Monday, September 9, 2013

Keystone's Evening Nightcap 9/9/13

Copper (JJC 39.96) lead the markets higher. Sunday evening told the story. Retail (RTH 53.74) jumped at the opening bell so the rally was in full gear.  The SPX 1665 held until the Syria positive news pushed markets through the 50-day MA at 1666.68 (watch to see if price can hold the 50 tomorrow). The Syria rally today pushed the SPX up through 1665 (remember the 1640-1665 range from Friday) creating an upside acceleration. The thrust was created on news that Syria may work with Russia and the international community to account for its chemical weapons. So the politicians are able to kick the can down the road and avoid a Syria strike. The markets rally, and more folks will continue dying in Syria, but everyone is back slapping each other all afternoon anyway. Markets do not like indecision and may realize in the coming days that the Syria problem will only continue and fester.

Copper, retail and financials are the market drivers right now.
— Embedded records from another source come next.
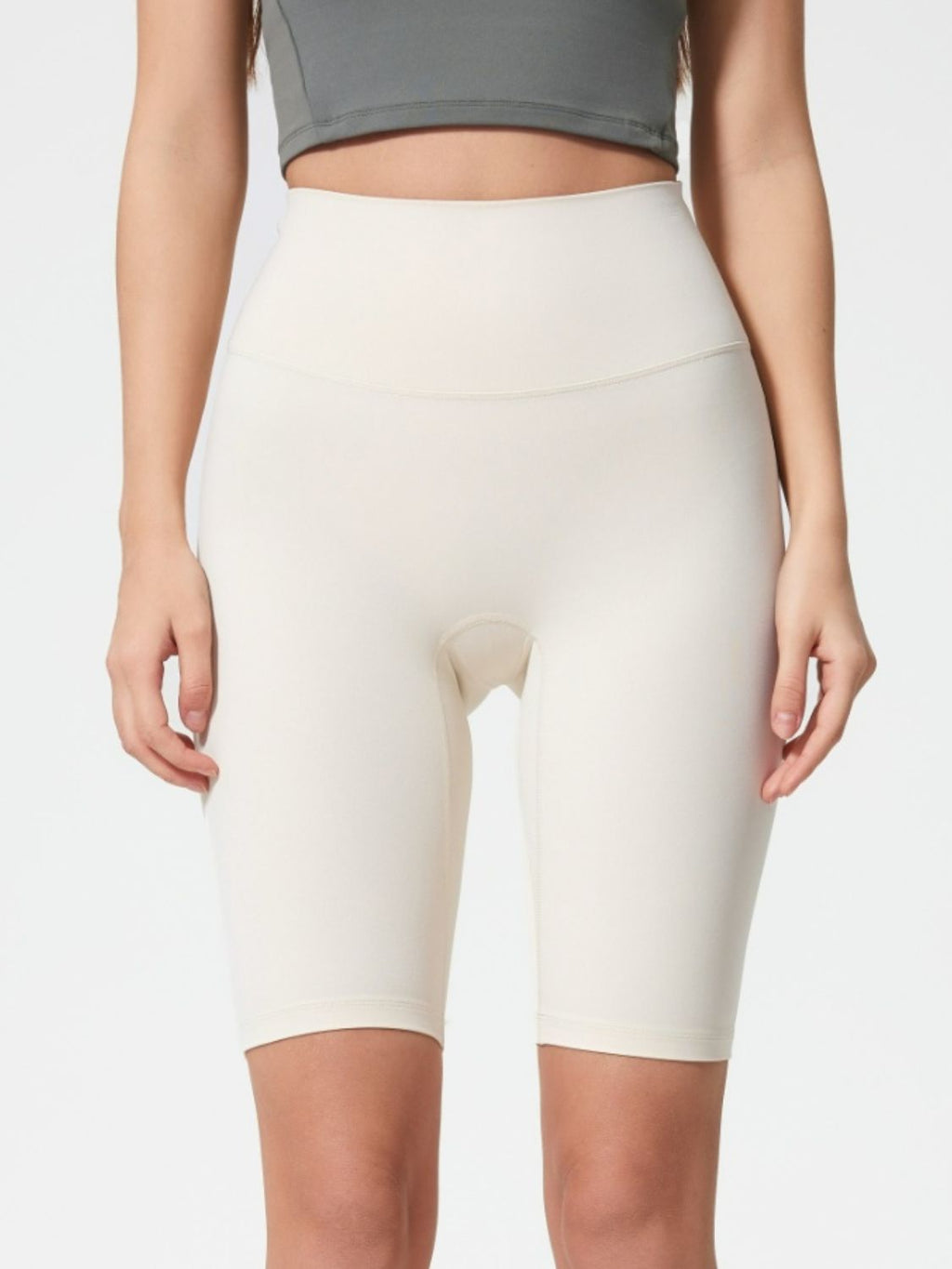 Millennia High Rise Wide Waistband Active Shorts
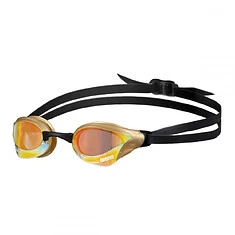 Arena Очки для плавания Cobra Core Swipe Mirror Yellow/Copper/Gold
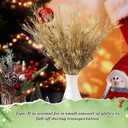 24 Pcs 16.5 Inch Christmas Tree Picks Glitter Artificial Curly Sprays Christmas Floral Stems Branches for Xmas Tree Sticks Garland Ornaments Vase Filler Decorations (Gold)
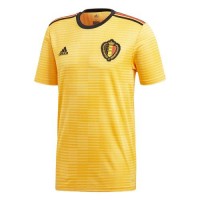 El uniforme del equipo nacional de fútbol de Bélgica World Cup 2018 Invitado (set: camiseta + shorts + leggings)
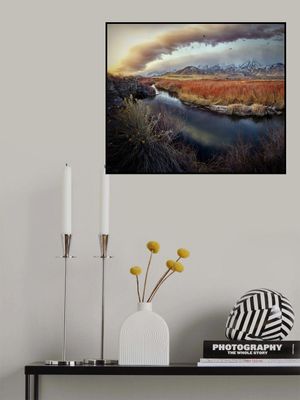 Owens River at Sunrise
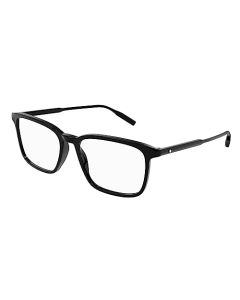Montblanc MB0197O Optical Frame Man Acetate Gafas, Hombres, Multicolor, Talla única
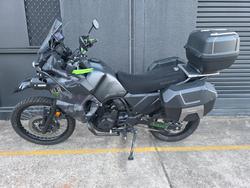 2022 Kawasaki KLR650 (KL650) ADVENTURE GREY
XLF 19.94 is the key parameter for Tuesday and will provide the thumbs up or down for markets at the opening bell. XLF is 20.03 creating bullishness in the markets moving forward unless the bears can push XLF under 19.94, so XLF will indicate market direction from the get-go.  Also watch RTH 53.74 and JJC 39.96, both are causing bullishness, the bears need to move one or both under the levels shown to create market downside. The bulls need the utilities sector to move higher to provide more equity upside. Keybot the Quant is long now but a move back to the short side would be anticipated as the week plays out. For the SPX starting at 1672, bulls only need one positive point, so watch the overnight S&P futures, and the rally will accelerate after the opening bell. Bears are trying to stop the thrust higher by pushing financials, retail and/or copper lower.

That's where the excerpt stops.